In an essay making the rounds this week, the Year We Broke the Internet, writer Luke O'Neil notes the recent spate of hoaxes and lousy journalism – including the bogus snow on the Pyramids picture and Elan Gale's airplane fiction-tweeting – and chalks it all up to the "traffic-at-all-costs mentality – veracity, newsworthiness, and relevance be damned".

All true, and yet … look around. You'll find ProPublica, the Texas Tribune, the Center for Investigative Reporting and many others in an expanding universe of civic-minded investigative journalism.

You'll see smart people investing in for-profit ventures like Vox Media, which has a notion that advertisers will prefer quality to crap, and Medium, a platform/media play that, among other initiatives, absorbed the serious and excellent Matter "long-form" project. Maybe they're wrong; but maybe not.

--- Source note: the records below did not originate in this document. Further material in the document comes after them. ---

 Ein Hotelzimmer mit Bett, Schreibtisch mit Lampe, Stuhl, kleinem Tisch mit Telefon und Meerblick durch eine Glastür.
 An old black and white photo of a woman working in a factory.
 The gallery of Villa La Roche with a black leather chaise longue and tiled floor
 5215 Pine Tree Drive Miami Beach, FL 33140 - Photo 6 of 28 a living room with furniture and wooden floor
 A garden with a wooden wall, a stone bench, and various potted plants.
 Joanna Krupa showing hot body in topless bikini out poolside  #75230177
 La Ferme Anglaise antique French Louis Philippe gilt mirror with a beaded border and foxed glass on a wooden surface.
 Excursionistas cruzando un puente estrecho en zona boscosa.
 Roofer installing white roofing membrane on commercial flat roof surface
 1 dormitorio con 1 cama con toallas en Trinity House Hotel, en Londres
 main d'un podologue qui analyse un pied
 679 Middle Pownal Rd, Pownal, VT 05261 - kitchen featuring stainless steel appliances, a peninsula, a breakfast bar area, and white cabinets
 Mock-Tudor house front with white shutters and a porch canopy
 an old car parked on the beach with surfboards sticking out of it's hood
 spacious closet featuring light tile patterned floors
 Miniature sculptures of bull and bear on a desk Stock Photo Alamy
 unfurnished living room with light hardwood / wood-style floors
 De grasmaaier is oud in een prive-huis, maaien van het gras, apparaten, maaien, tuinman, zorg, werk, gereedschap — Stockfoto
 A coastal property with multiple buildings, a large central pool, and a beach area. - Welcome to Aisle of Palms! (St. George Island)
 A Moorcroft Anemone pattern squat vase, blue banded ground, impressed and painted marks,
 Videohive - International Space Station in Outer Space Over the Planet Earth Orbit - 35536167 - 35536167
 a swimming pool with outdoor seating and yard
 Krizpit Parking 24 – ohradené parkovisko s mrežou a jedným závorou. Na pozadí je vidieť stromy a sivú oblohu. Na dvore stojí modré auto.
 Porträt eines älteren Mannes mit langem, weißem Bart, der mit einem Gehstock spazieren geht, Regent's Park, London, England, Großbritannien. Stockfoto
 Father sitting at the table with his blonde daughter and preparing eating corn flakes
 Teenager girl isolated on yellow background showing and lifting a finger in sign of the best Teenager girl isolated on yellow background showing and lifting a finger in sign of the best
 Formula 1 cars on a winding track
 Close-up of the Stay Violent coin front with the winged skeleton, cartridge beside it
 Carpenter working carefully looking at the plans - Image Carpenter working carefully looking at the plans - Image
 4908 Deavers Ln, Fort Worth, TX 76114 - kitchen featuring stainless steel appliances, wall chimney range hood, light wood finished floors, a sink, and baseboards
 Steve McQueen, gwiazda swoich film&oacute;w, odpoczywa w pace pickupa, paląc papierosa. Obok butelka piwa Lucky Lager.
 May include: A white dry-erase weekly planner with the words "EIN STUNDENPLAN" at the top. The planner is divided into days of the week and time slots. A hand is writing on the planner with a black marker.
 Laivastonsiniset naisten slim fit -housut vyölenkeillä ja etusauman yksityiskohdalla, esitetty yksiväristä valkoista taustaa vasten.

The Patch experiment, a huge collection of local sites around the country, is faring poorly, and its owner, AOL, has been less and less supportive. Patch was a brute-force, corporate attack on local news in a world where the main revenue source, advertising, has eroded beyond repair. I'm glad they tried.

Look around, though, and you'll see that scores of independent local news operations are emerging. A list of "promising" local sites, maintained by journalist Michele Mclellen is growing, she reports, with progress on the revenue front as well as the journalistic one. I'm guessing that local news will be provided mostly by a legion of small startups that can never get too big, which isn't a tragedy if they support real journalism. We'll know better in a few years.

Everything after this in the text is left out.